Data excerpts
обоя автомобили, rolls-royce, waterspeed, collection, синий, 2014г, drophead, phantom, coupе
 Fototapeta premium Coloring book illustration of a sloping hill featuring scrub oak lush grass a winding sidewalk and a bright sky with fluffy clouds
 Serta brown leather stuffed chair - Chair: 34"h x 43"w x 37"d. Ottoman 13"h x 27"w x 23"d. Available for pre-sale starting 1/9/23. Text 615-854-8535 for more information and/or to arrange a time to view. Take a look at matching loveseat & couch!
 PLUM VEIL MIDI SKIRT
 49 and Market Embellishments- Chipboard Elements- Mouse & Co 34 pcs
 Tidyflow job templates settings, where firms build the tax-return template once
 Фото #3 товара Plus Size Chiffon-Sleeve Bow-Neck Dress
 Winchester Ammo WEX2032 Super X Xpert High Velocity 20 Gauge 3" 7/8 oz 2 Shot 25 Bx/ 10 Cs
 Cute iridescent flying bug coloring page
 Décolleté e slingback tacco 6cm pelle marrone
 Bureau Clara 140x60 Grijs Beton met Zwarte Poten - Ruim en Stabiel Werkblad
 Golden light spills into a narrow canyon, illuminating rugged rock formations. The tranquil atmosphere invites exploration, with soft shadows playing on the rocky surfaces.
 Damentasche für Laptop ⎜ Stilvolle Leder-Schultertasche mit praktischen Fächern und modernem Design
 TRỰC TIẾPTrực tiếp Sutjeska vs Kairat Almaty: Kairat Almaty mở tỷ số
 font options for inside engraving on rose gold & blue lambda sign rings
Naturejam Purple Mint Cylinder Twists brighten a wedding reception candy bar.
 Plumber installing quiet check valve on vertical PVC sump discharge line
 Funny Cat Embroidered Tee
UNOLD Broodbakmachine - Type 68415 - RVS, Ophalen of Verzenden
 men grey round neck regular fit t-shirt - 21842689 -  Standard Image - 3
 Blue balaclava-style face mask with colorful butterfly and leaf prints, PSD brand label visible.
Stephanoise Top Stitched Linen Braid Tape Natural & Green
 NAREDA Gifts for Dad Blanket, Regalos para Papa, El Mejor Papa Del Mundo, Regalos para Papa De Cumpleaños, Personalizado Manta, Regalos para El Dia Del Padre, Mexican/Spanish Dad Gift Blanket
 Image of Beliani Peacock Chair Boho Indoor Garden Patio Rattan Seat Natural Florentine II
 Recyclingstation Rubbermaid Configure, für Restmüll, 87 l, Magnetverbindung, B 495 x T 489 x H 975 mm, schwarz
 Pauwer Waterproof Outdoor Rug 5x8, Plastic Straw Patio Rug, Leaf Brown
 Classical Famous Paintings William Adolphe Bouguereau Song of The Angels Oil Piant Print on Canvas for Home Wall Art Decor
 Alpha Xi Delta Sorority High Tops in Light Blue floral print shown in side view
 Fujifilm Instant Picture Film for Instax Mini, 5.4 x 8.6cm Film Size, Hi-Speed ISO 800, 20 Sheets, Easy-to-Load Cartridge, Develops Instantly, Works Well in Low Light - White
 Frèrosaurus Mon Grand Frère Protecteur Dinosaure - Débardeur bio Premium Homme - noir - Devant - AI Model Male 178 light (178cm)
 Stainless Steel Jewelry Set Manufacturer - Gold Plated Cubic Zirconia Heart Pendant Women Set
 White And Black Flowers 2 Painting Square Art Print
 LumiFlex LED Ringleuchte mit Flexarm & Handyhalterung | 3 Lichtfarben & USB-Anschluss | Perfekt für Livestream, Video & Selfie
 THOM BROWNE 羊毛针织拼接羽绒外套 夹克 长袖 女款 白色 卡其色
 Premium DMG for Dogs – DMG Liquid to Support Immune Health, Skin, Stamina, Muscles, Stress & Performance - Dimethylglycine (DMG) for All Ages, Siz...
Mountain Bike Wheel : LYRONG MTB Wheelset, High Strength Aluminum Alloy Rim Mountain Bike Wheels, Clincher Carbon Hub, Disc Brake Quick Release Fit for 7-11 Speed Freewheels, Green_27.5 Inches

| EXERCISE DETAILS |
From the data, collect all lines where the string "Patio" appears.

| RESULT OF THE EXERCISE |
 Image of Beliani Peacock Chair Boho Indoor Garden Patio Rattan Seat Natural Florentine II
 Pauwer Waterproof Outdoor Rug 5x8, Plastic Straw Patio Rug, Leaf Brown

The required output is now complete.